WORK ORDER >> Transcribe exactly, leaving out pictures, the lines from the one that holds "SEAT Leon 1.0 TSI FR - 27" through the end of the data below, including both end lines and no others.

MATERIAL FOR THE TASK >>
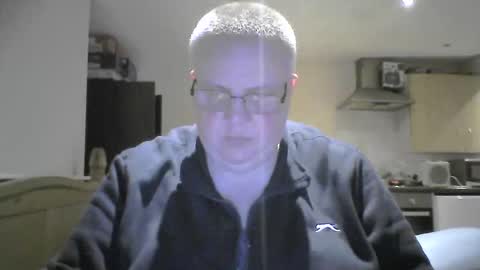 Professor-Perv online show from January 9, 6:57 pm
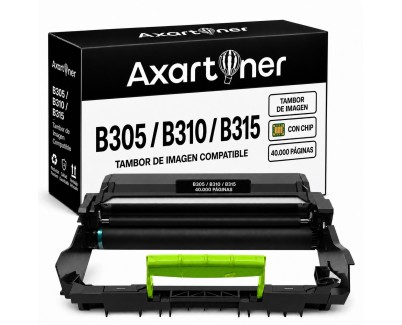 Compatible Xerox B305 / B310 / B315 Negro Tambor de Imagen 013R00690
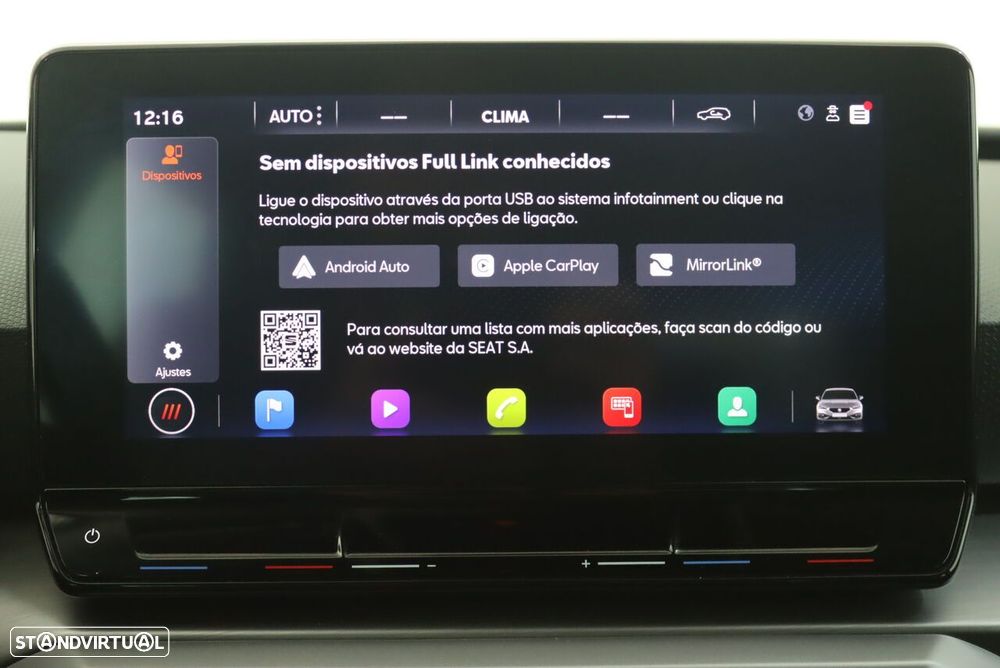 SEAT Leon 1.0 TSI FR - 27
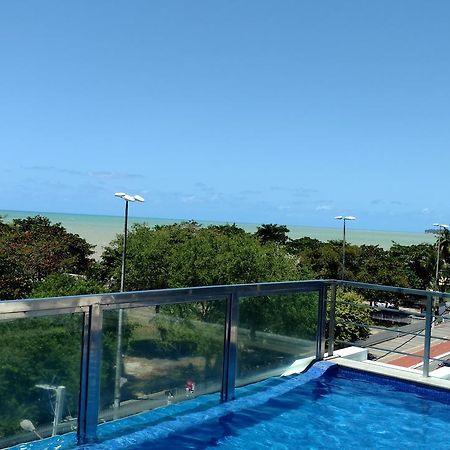 Israel Flat João Pessoa Exterior foto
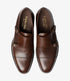 Loake Cannon Dark Brown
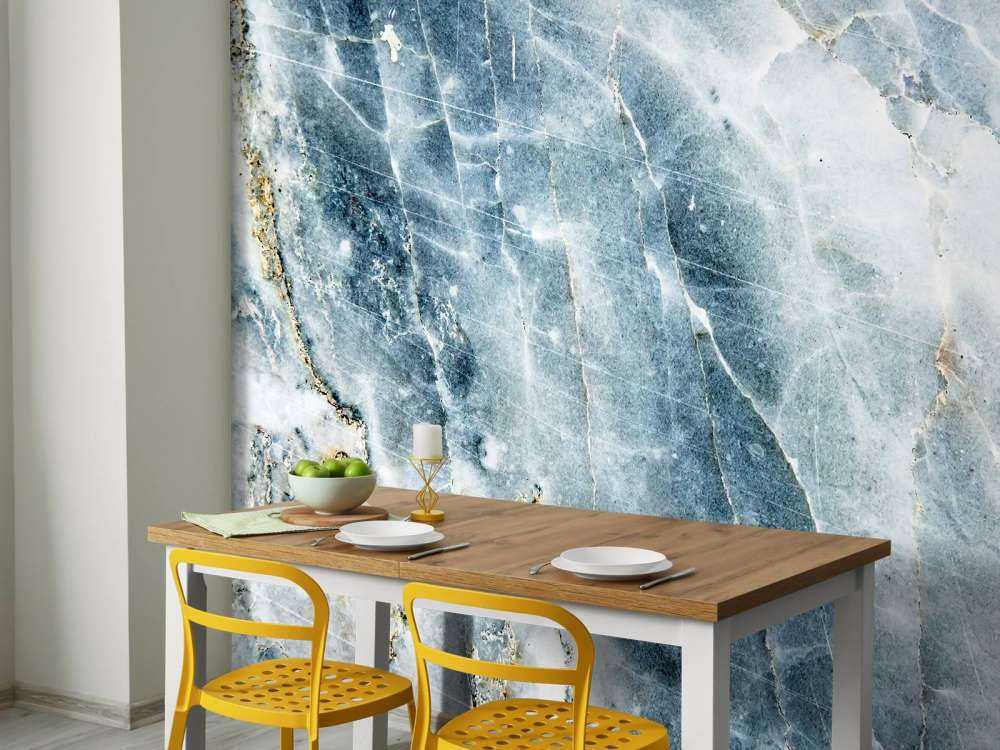 Abstrakter Marmor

RESULT OF THE TASK >>
 SEAT Leon 1.0 TSI FR - 27
 Israel Flat João Pessoa Exterior foto
 Loake Cannon Dark Brown
 Abstrakter Marmor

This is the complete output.